== Data shown ==
-*-

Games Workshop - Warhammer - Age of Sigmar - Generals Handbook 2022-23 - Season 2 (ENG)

-*-

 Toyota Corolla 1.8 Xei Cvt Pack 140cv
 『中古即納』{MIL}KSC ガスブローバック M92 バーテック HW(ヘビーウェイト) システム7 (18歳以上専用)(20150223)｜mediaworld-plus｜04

-*-

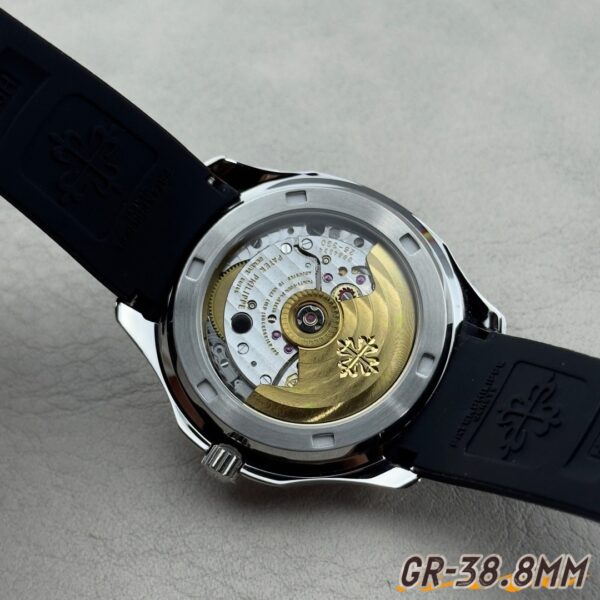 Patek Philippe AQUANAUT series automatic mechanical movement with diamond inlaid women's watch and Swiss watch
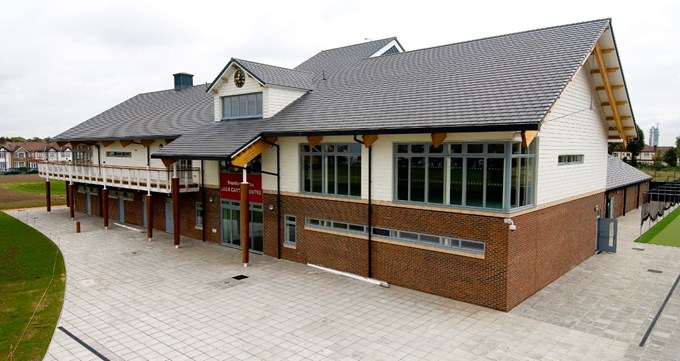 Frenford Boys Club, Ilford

-*-

== Problem requirements ==
Give back, exactly and without pictures, the stretch of the records above from the line containing "Patek Philippe AQUANAUT" through the line containing "Frenford Boys Club, Ilford", with both end lines included.

== Written solution ==
 Patek Philippe AQUANAUT series automatic mechanical movement with diamond inlaid women's watch and Swiss watch
 Frenford Boys Club, Ilford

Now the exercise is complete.